Non solo ai cittadini etiopi non è più consentito lasciare il paese, ma circa 500 emigranti – tutti provenienti dall’Arabia Saudita – sono rientrati in patria nelle scorse settimane e presto altre migliaia li seguiranno. Il 1° novembre infatti sono scaduti i tre mesi concessi dalle autorità saudite agli stranieri sprovvisti di regolari permessi di soggiorno per sanare la loro situazione e rimanere quindi nel paese. Da allora la polizia ha già proceduto a migliaia di controlli e di arresti. Gli immigrati irregolari vengono concentrati in diversi centri di accoglienza: li attende il rimpatrio, volontario o forzato, e l’iscrizione in una “lista nera”. Le drastiche norme restrittive all’immigrazione sono state decise dalla monarchia saudita nell’ambito delle politiche volte a contenere la disoccupazione che ha raggiunto il 12% e che tra i giovani supera il 30%. Le autorità hanno anche imposto a ditte e imprese delle quote minime di lavoratori sauditi. Sono previste inoltre multe elevate ai datori di lavoro che assumono stranieri privi di permessi di soggiorno. La riduzione della manodopera straniera mira anche a contenere la perdita di denaro provocata dalle rimesse che gli emigranti inviano ai familiari rimasti a casa, che ammontano a più di sette miliardi di dollari all’anno. Non tutti gli stranieri irregolari accettano la loro sorte.

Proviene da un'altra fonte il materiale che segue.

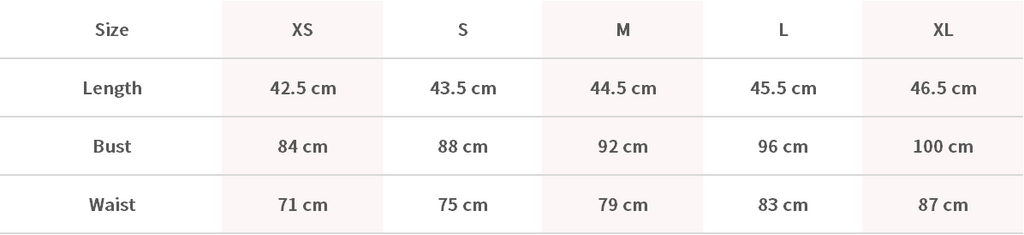 Size Chart Image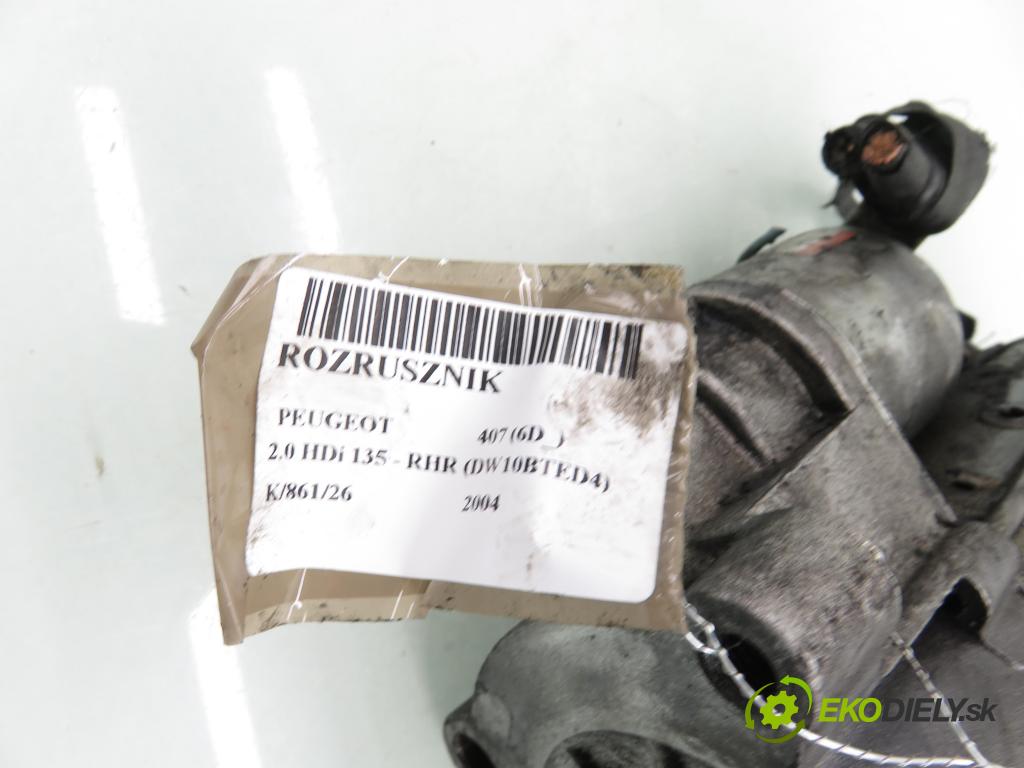 PEUGEOT 407 (6D_) SEDAN 2004 100,00 2.0 HDi 135 - RHR (DW10BTED4) 1997,00 startér  (Startér)
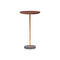 Contra Alto No Knob Side Table  option Walnut / Bronze / Terrazzo Stone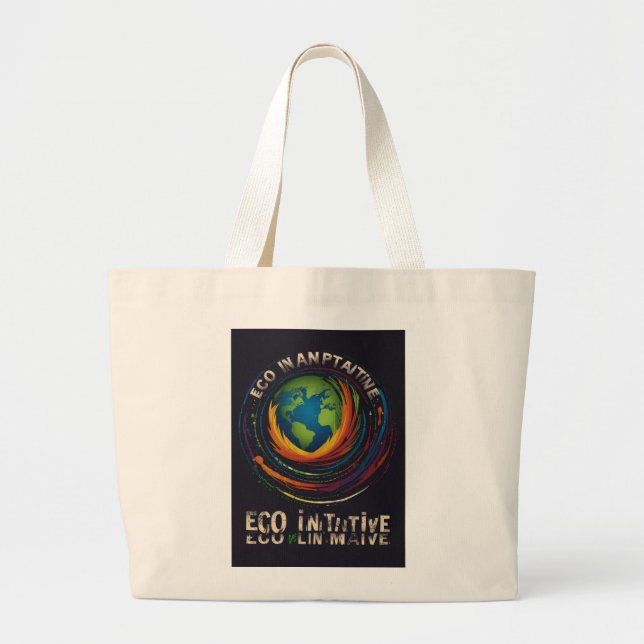Eco Initiative Large Tote Bag (Front)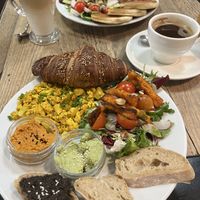 Vegan breakfast  at Fitagain in Krakow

A Jedda centinaia di lavoratori indonesiani hanno organizzato manifestazioni davanti al loro consolato e nella capitale Riyadh i quartieri abitati in prevalenza da immigrati sono in rivolta. Gli scontri con la polizia, intervenuta per sedare i tumulti e per evacuare con la forza le abitazioni in cui molti stranieri si sono barricati, hanno finora provocato cinque morti e centinaia di feriti. Nei mesi trascorsi, su un totale di circa nove milioni di immigrati, quattro milioni hanno regolarizzato la loro posizione e due milioni sono stati espulsi.

Anche per i somali fuggiti in Kenya negli oltre vent’anni di guerra civile seguiti alla caduta di Siad Barre nel 1991 è arrivato il momento di tornare a casa. Sono più di un milione, forse due: in parte sono ospitati dell’immenso campo profughi di Dadaab, al confine tra Somalia e Kenya, e in parte vivono nella capitale Nairobi e in altre città. Dopo l’attentato del 21 settembre al centro commerciale Westgate di Nairobi, rivendicato dai terroristi somali al Shabaab legati ad al Qaeda, il governo ne ha deciso il rimpatrio: la loro presenza – sostengono le autorità kenyane – è fonte di insicurezza perché che tra i profughi si nascondono molti terroristi e inoltre in Somalia la situazione, dopo che gli al Shabaab sono stati costretti a lasciare le principali città, è migliorata abbastanza da consentirne il ritorno. Un accordo è già stato firmato da Kenya e Somalia, con la mediazione dell’Alto commissariato ONU per i rifugiati, che prevede il rientro volontario in patria dei profughi in tre anni.